There is some controversy over how the Qur'an is translated. Some interpret the specific verses referring to women's dress to mean that the jilbab, along with head covering, is the only acceptable dress. This seems to be the dominant interpretation in the United Arab Emirates, as most of what you see women wearing is something like in the picture below, except with the face, minus the eyes, fully covered.



I borrowed the picture from the Wikipedia entry for jilbab since I did not take any pictures of women while in Dubai. Taking pictures is frowned upon, except with prior permission, and I was too intimidated, or maybe scared, to ask a woman if I could take her picture.

The specific verse from the Qur'an reads: "And say to the believing women that they should lower their gaze and guard their modesty; that they should not display their beauty and ornaments except what (must ordinarily) appear thereof; that they should draw their khumur over their bosoms and not display their beauty except to their husbands, their fathers, their husband's fathers, their sons, their husbands' sons, their brothers or their brothers' sons, or their sisters' sons, or their women, or the (female) slaves whom their right hands possess, or old male servants who lack vigour, or small children who have no sense of the shame of sex; and that they should not strike their feet in order to draw attention to their hidden ornaments."

I think what women in Dubai wore tended to be like Answer.com's description of the Saudi Arabian version of modest dress: "composed of abaya or loose robe, hijab or headcovering, and niqab or face veil. The Saudi niqab usually leaves a long open slot for the eyes; the slot is held together by a string or narrow strip of cloth."

My point in elaborating on all of this has to do with my curiosity. One night we were in a taxi and stopped at a light. I looked to the left and a women in the back seat of a taxi, wearing the head covering and veil that revealed only her eyes, made direct eye contact with me. It was an interaction I'd never had before. I'm still not sure what to make of it. On one hand, there's a complete absence of information about a person when all you see is her eyes. We use people's clothing, body language, and facial expressions, for example, to communicate both directly and indirectly with each other about who we are, where we stand, and what we think of each other. What's your basis for interacting when you meet a women who is reduced to her eyes? I'm just thinking out loud, so my views are subject to change, but my current position is that hajib discourages interaction between men and women (at least between western men and Islamic women). But if you go back and read the verses of the Qur'an that I included, it seems that the idea is for hajib to have precisely the sort of response in men that it invoked in me. Such a response keep women, and especially their sexuality, off limits.
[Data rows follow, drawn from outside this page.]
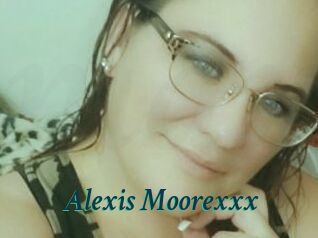 Alexis_Moorexxx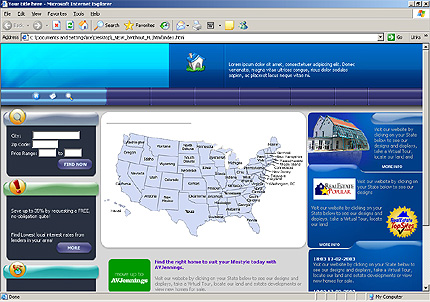 Full Site #2849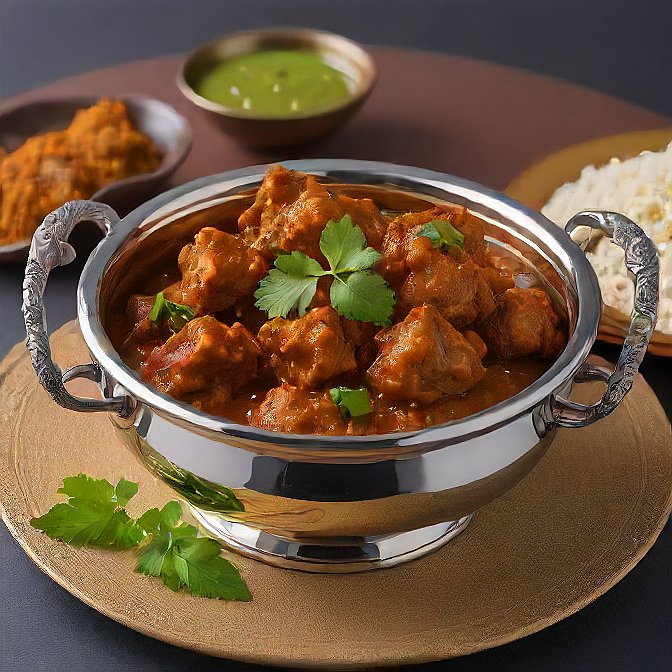 Namoh Restaurant and Cafe Noida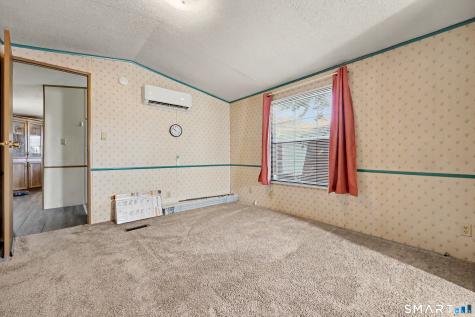 94 Woodland Park Shelton CT 06484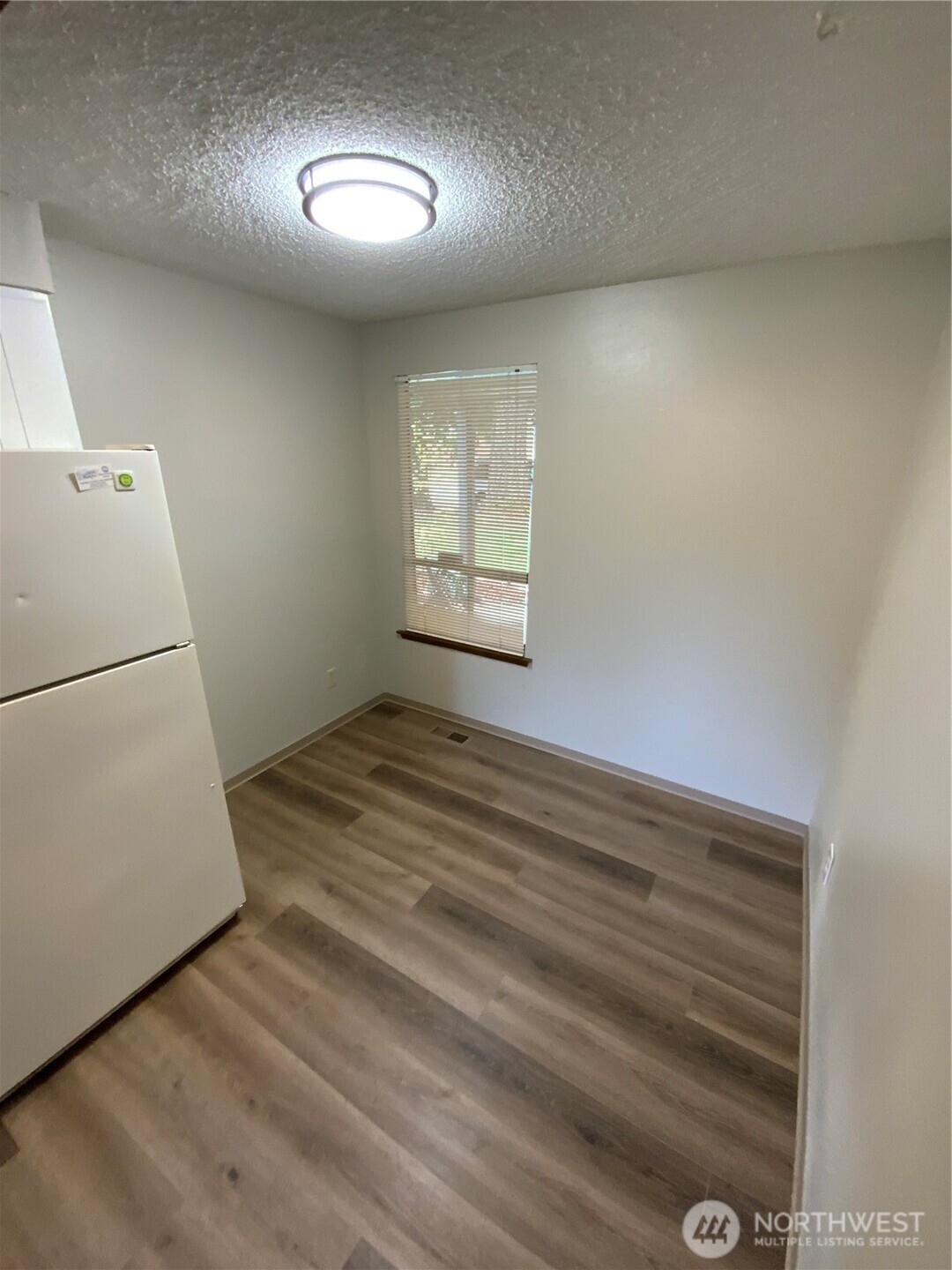 4605 73rd Street Ct Property Photo 26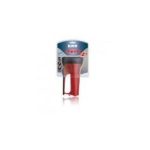 Import Gasoline & Gas Pump from chinese wholesale supplier and manufacturer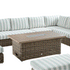 files/OD-DINE-650-NAT-SAGESTRIPE-SET-GIF.gif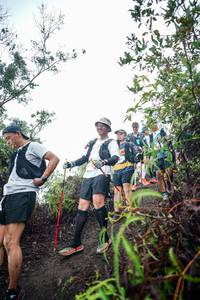 BIB: 
                            <button type="button" onclick="openModal(26419451)" class="btn btn-primary btn-sm float-right btn-popup" data-toggle="modal" data-target=".modal-high-quality">
                        <i class="fas fa-shopping-cart"></i> Add to Cart
                    </button>
                                            <button type="button" onclick="isThisMe(26419451, true)" class="btn btn-success btn-sm float-right btn-popup btn-isme hidden" data-toggle="tooltip" data-placement="bottom" title="นี่คือรูปของคุณใช่ไหม คลิกที่นี่เพื่อเอาเข้าอัลบั้ม">
                        <i class="fas fa-plus"></i> Add to album
                    </button>
                    <button type="button" onclick="isThisMe(26419451, false)" class="btn btn-warning btn-sm float-right btn-popup btn-isnotme hidden">
                        <i class="fas fa-ban"></i> Remove from album
                    </button>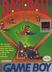 Baseball (Gameboy)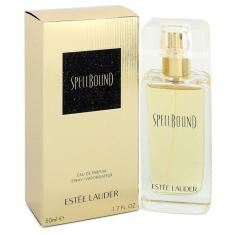 Imagem de Perfume Feminino Estee Lauder 50 ML Eau De Parfum Spray
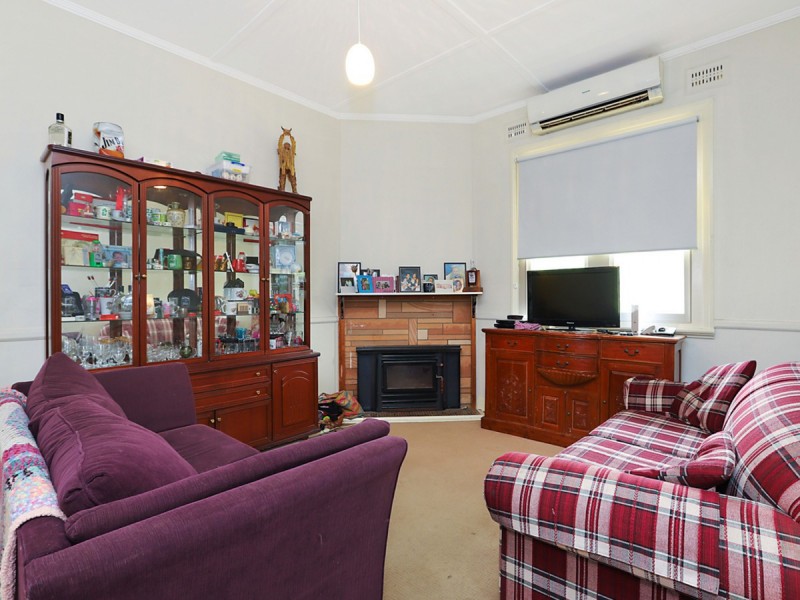 43 Melbourne Street, Aberdare NSW 2325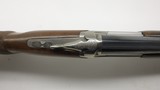 Browning Citori 525 Sport Grade 3 12ga, 30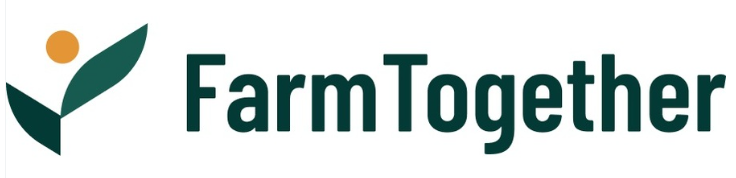 FarmTogether logo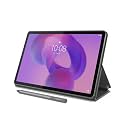 Lenovo Idea Tab - College Tablet -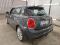 preview Mini Cooper S #1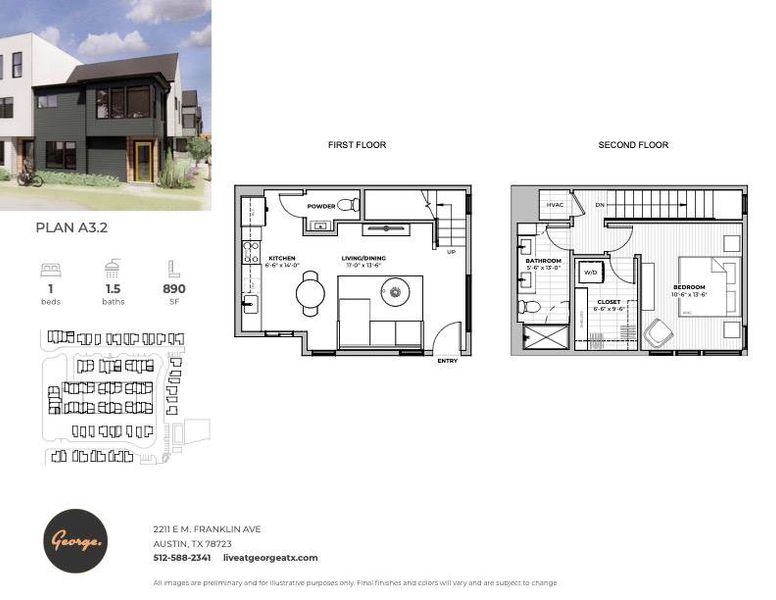 floor plan floor plan
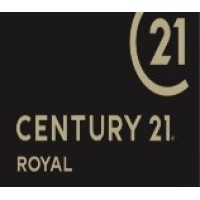 Century 21 Royal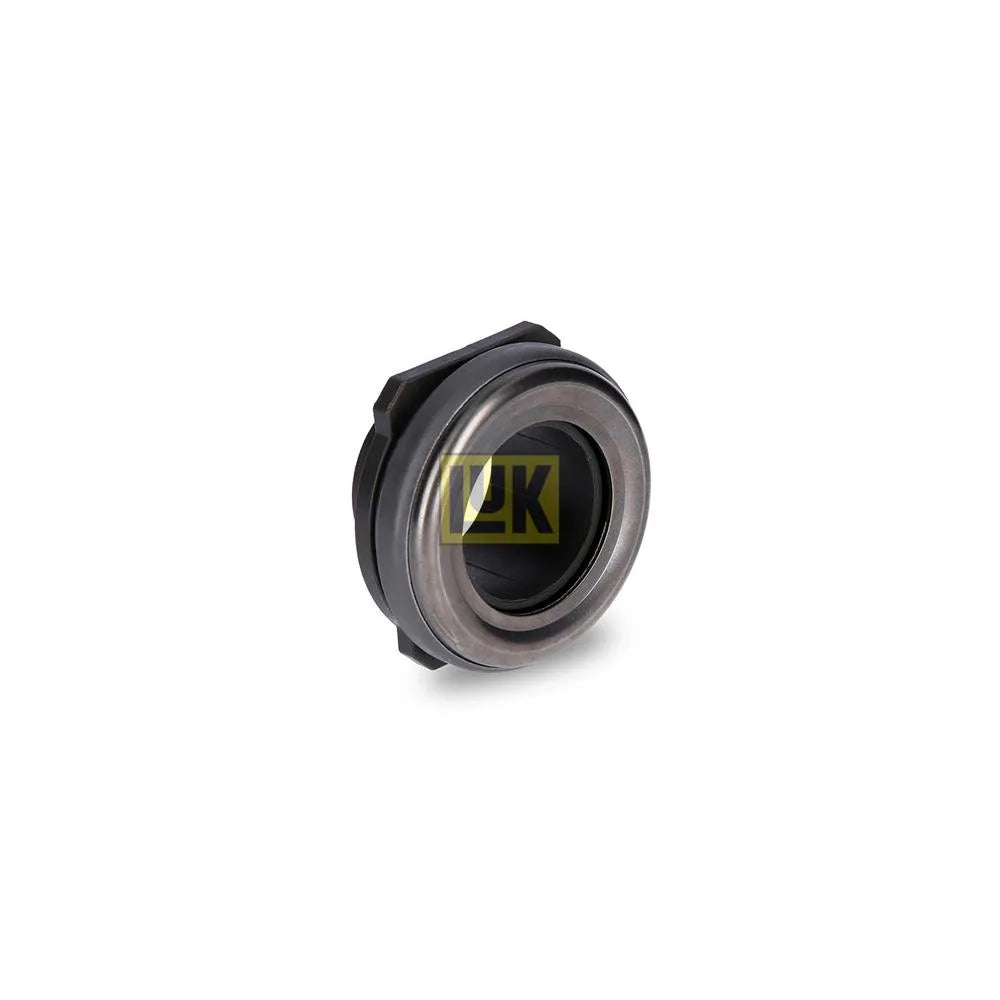 Rulment Presiune Schaeffler Luk - 500 1064 30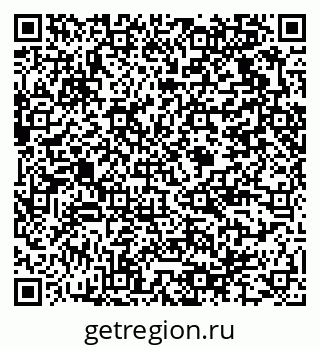 79375124125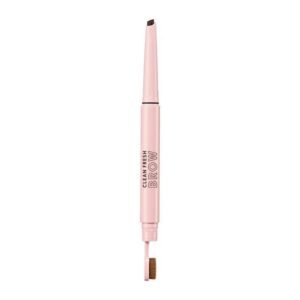 Covergirl Clean Fresh Brow Filler Pomade Pencil 600 Dark Brown 0.2g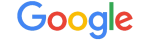 Google-Logo.wine-removebg-preview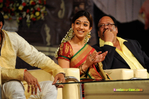 Filename=SriRamarajyam_50Days_148.jpg
Filesize=161KiB
Dimensions=1000x666
Date added=Apr 04, 2014 SriRamarajyam_50Days_148.jpg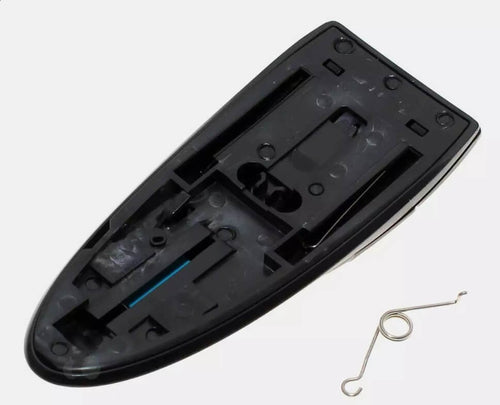 Tagliabasette per rasoio Braun 81297887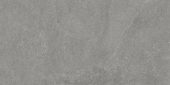 Lincoln Light Grey 24x48 | Glens Falls Tile & Supplies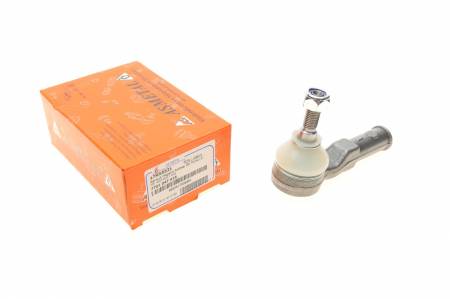 Наконечник тяги рульової (R) Renault Kangoo 97- (=17RN5550) 4829 17RN5521 фото товару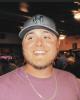 Justin is single in Burgess, VA USA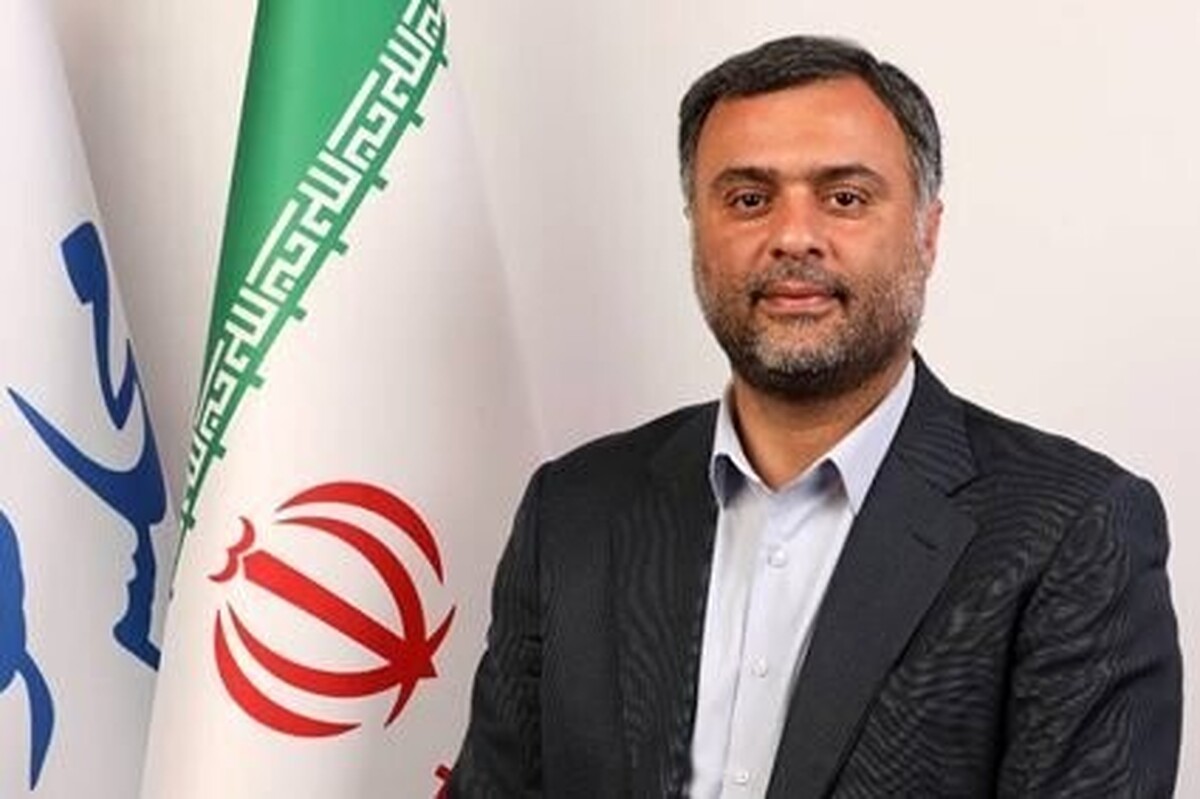 عضو کمیسیون اقتصادی مجلس: دولت از تصدی‌گری فاصله بگیرد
Interestingly, as I was researching this subject on the Internet, I came across some blogs where people talked about male friends who told them they found women in hajib to be sexy--precisely the opposite reason for the existence of the practice. Equally interesting, in a number of blogs women who wear hajib spoke of the freedom that it allowed them--freedom from the gaze of the Muslim male (a response quite anathema to feminist critiques of hajib).

In Dubai, as I suppose is the case in any Islamic country that has one foot in the west, the practice of hajib seems to be in transition. There is some freedom, even for Islamic women, in terms of dress. Western women can be seen wearing mini skirts and tank tops. But I'm less fascinated by the co-existence of east and west in different groups of people, and more interested in how east and west coexist within a single person. The woman, for example, who in jilbab and headscarf, with nothing but her eyes showing, stands in the lingerie store in the mall, talking on her cell phone which she just retrieved from her $500 purse. Her jilbab, by the way, is adorned with expensive-looking beads and stones. I don't by any means intend to imply that this is hypocritical behavior. It's just the sociologist in me that is fascinated by the competing forces of culture, tradition, religion, and capitalism.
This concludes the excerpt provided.